I seriously had a post in drafts about this very topic when Clint Hocking posts a link to this article by Don Norman of the Design of Everyday Things fame. Always upstaged by better communicators than myself, I point you to go read it. It is everything I wanted to say in a better package. The analogy of local maxima is particularly accurate.
The reason I had a post brewing is that I had a pair of recent interviews that both included a discussion of “Quantitative Design” versus “Intuitive Design”. These are the words that both interviewers used. I do not endorse the terms. The reason I do not endorse “Intuitive Design” is that it seems almost pejorative. I’ve seen truly intuitive designers who made decisions by the seats of their pants where whatever came to mind was right. How can you question them? Their reasons for making the decision is simply that the decision “feels right”. The label of “intuitive design” conjures images of diva-like egos dictating on whim. Scientific minds reject gut feeling and glom quantitative design where you create an A/B test and count up the results. Numbers are concrete. They must provide truth, right?

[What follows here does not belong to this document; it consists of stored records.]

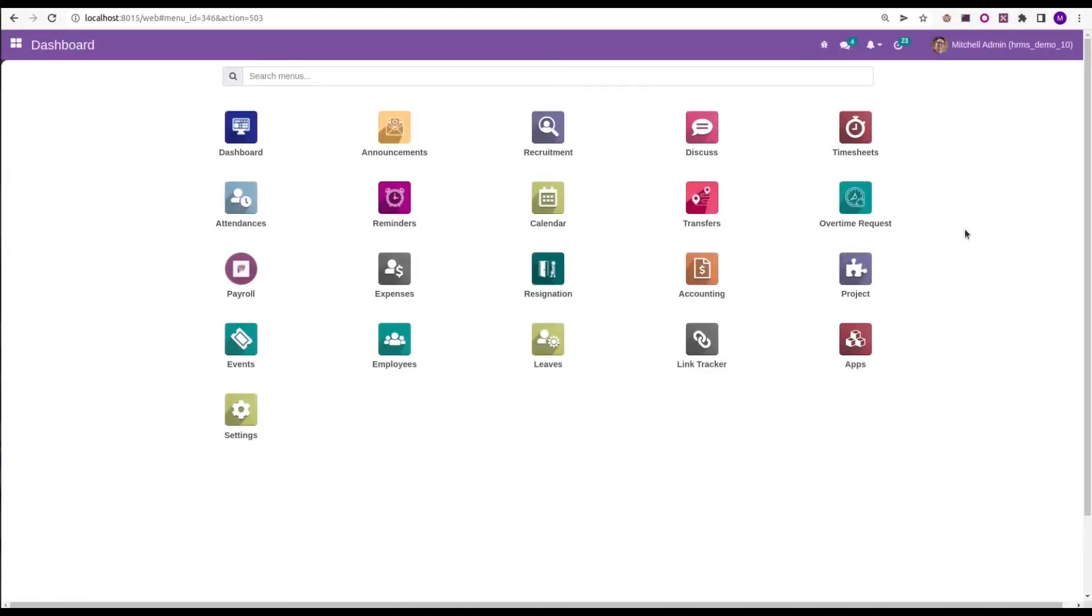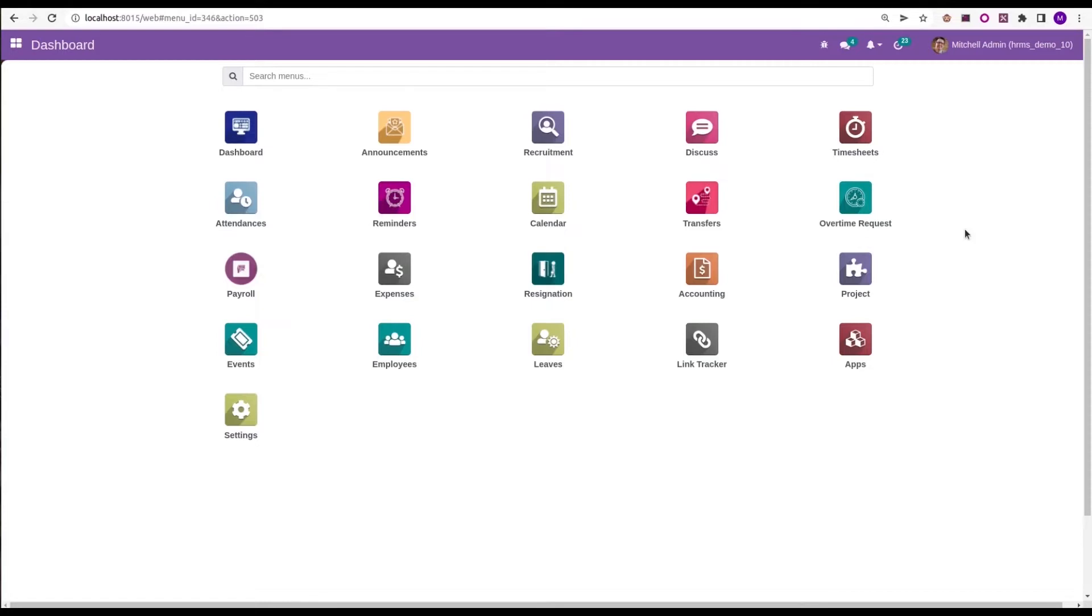Hi all, in this video we are discussing the openHRMS biometric device integration module. OpenHRMS is an open source HR management software which helps create a happier workspace for employees. Moreover, it is packed with advanced features to manage and act as a solution to run all HR management operations in your company.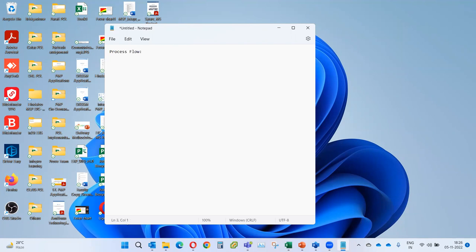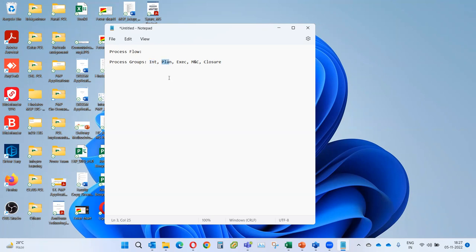We call this the process flow diagram. One way is to go with the process groups — initiation, planning, execution, monitoring and control, and closure. Initiation has only two processes, closure has only one, and in total we have 49 processes.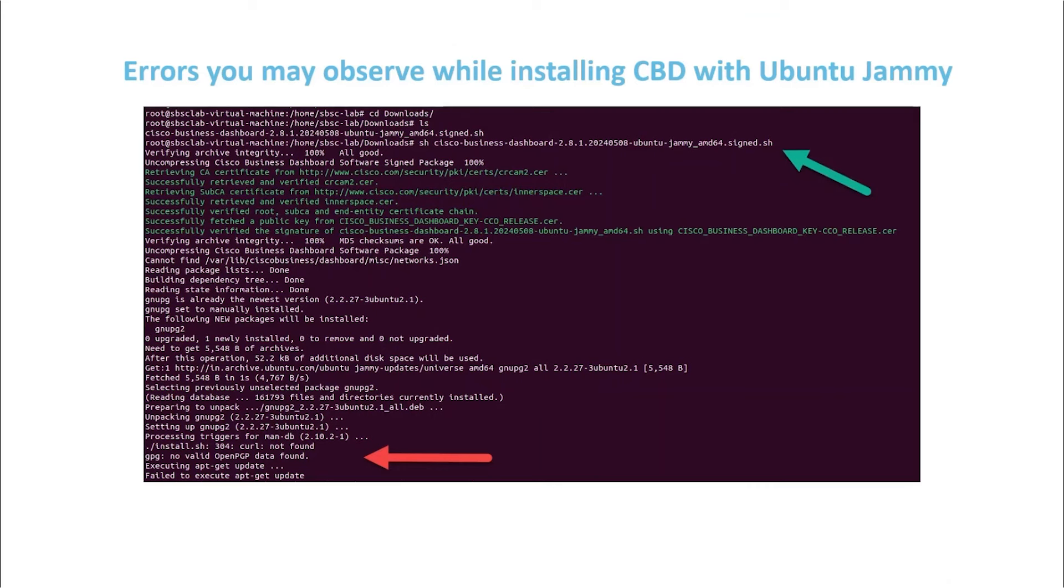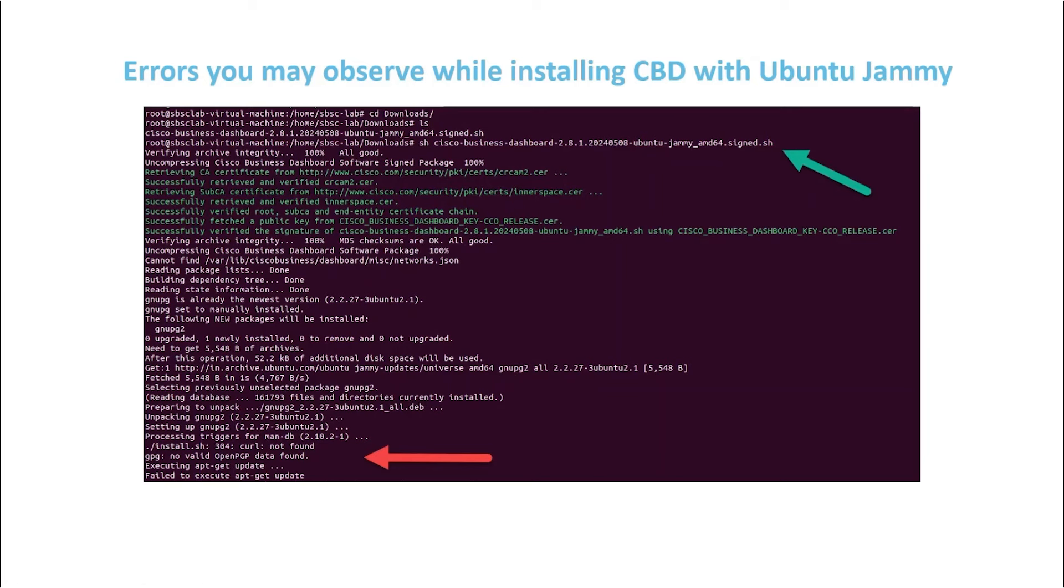When you run the CBD installation command with sh keyword at the beginning and then the CBD file name with .sh extension, you might see errors such as 0x304 curl not found or failed to execute apt-get update. If this happens, you'll need to run the apt-get update command manually.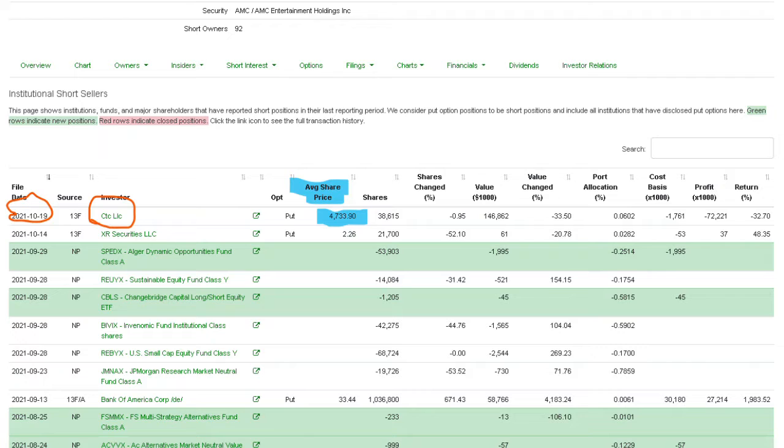And the insane average surprise. Okay, watch. Let me pull it up right here. See, this is CTC LLC on AMC. They just filed at 10:19 and their put position average share price is $4,733.90.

Yet show me a breakthrough that has come about via A/B testing. A/B testing works in a controlled environment where there is no possibility of a C, D or E and where both A and B provide a similar level of familiarity. So what if the test itself is poorly designed? How do we determine that? By testing the test? Then testing the testing test? Turtles all the way down. At some point you need human creativity to step in and make judgements. That’s obvious, of course, but it is worth noting to those who think quantitative testing reveals the word of God.

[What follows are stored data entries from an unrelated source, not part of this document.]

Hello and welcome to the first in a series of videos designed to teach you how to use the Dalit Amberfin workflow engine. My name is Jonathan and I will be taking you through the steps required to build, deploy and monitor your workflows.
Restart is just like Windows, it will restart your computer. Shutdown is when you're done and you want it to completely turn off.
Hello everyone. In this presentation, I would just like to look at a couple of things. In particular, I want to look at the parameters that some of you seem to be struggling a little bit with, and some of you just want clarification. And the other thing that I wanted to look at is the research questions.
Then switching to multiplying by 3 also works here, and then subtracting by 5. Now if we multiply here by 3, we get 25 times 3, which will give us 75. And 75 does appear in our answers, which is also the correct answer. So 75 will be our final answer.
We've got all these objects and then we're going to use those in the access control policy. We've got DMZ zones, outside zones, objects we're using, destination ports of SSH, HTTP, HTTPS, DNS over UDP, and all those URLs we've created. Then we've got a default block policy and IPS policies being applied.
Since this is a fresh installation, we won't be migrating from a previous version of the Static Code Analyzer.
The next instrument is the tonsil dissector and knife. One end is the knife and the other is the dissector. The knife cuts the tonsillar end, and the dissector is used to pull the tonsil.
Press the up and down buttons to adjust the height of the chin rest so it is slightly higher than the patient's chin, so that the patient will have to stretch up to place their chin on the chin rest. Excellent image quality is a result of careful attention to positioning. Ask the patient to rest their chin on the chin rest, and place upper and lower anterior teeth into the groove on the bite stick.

Testing in many forms is absolutely crucial. It is the results of playtests that need to inform the decisions of forward-thinking designers. My objection from the start is in the “versus”. It suggests that these two camps in extremis are the only pure methods, that only Farmville and Crazy Indie Game can exist. There has never been an original game designed solely by quantitative design, nor will there ever be. All it can do is take two or more items that already have been designed and judge the merits in isolation. While there certainly have been games designed wholly by intuition, I’ve never had experience where one could not be improved by a little scientific playtesting.
Many designers feel threatened by the recent “social” game trend towards phasing out the opinions of trained designers replacing them with “designers” who simply run A/B tests and interpret results. I am not scared. Studios that value giving customers something new will, by necessity, need trained creative designers.